IE 11 is not supported. For an optimal experience visit our site on another browser.

Backpack of 6-year-old boy was searched prior to Virginia school shooting after tip about weapon

The schools superintendent in Newport News provided additional details of the Jan. 6 shooting, which left a first-grade teacher hospitalized with injuries to her hand and chest.
Get more newsLiveon

A school administrator in Newport News, Virginia, was alerted to a possible weapon on a 6-year-old boy before a first-grade teacher was shot, but a search of the student's bookbag that morning turned up empty, school district officials said.

The forewarning was revealed during a virtual town hall Thursday evening for parents of students at Richneck Elementary School, where the Jan. 6 shooting has raised concerns about potential security failures at the kindergarten through fifth grade institution. Superintendent Dr. George Parker III said the boy came to school late and his bookbag was inspected upon arriving at the office to sign in, according to parents who watched the town hall, which was not public.

"At least one administrator was notified of a possible weapon," Parker said in a video reviewed by NBC News.

But further details were not made available about who conducted the search, why the gun was not found and if the child's clothing was physically examined.

A spokeswoman for the Newport News Public Schools said Friday that outstanding questions remain about the timeline, and she could not immediately say when the tip was received or who made it.

A spokeswoman for the Newport News police said that authorities also determined through their ongoing investigation that "a school employee was notified of a possible firearm at Richneck Elementary before the shooting occurred. The Newport News Police Department was not notified of this information prior to the incident."

First-grade teacher Abigail Zwerner, 25, was shot with a bullet from a 9 mm Taurus firearm that went through her hand and into her upper chest, police said. Her condition, initially considered life-threatening, has improved to stable and she is talking, according to police.

Abigail Zwerner
Abigail Zwerner.Abby Zwerner via Facebook

Earlier Thursday, Newport News School Board Chair Lisa Surles-Law said the district will install metal detectors at all schools, starting with Richneck.

She did not disclose the cost of the detectors or a timeline for installation.

No students were injured, and the 6-year-old was taken into custody following the incident.

A court-ordered temporary detention order was placed on the child, who is "currently receiving treatment at a medical facility," officials have said. Police have previously said there was no warning and no struggle before the shooting, which Newport News Police Chief Steve Drew described as intentional.

Authorities declined Thursday to disclose any additional details about the shooting, citing the investigation.

The student's mother bought the gun used in the shooting legally, according to Newport News police.

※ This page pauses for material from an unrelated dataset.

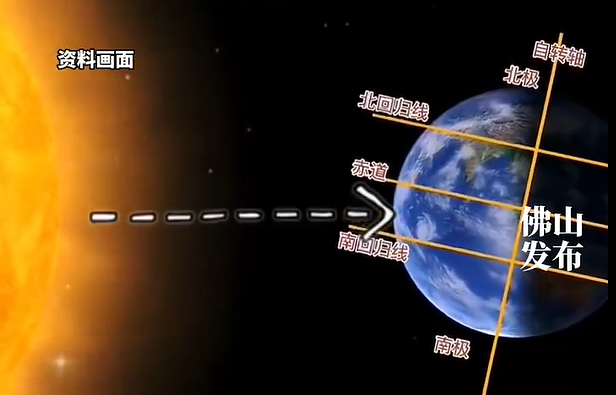 今年冬至将迎来百年一遇的天象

Officials haven't specified how the boy got hold of it. 

Experts say that the child is unlikely to be charged but that his parents could be criminally culpable depending on whether they failed to properly secure the weapon. Under Virginia law, leaving a loaded gun where it is accessible to a child under 14 is a misdemeanor.

Shootings in schools by such young children are exceedingly rare as are the use of metal detectors in schools, particularly at the elementary level.

During the 2019-20 school year, less than 2% of public elementary schools performed random metal detector checks on students, according to the National Center for Education Statistics. The figures were 10% for middle schools and 14.8% for high schools.

Some parents of Richneck students said they are supportive of metal detectors as well as the use of see-through bookbags, another security measure that is being explored.

Mark Anthony Garcia Sr., the parent of a second-grade student, said school administrators need to be further transparent about how the student brought a gun into school and why some parents, such as himself, only learned about the incident from news coverage.

"They still need to talk about who's going to be held responsible to not getting all the information there to all parents, and who's going to be held responsible for the security negligence," Garcia said. "And they still need to talk about how they missed the steps of safety and what was the safety policy in place that failed us on Jan. 6, 2023.”

Parents and staff have said there also must be larger conversations about emotional and mental health among students as well as gun safety and firearm access. Officials said there will be mental health clinicians for students and staff when school resumes, and that a security officer will be installed full-time at the school.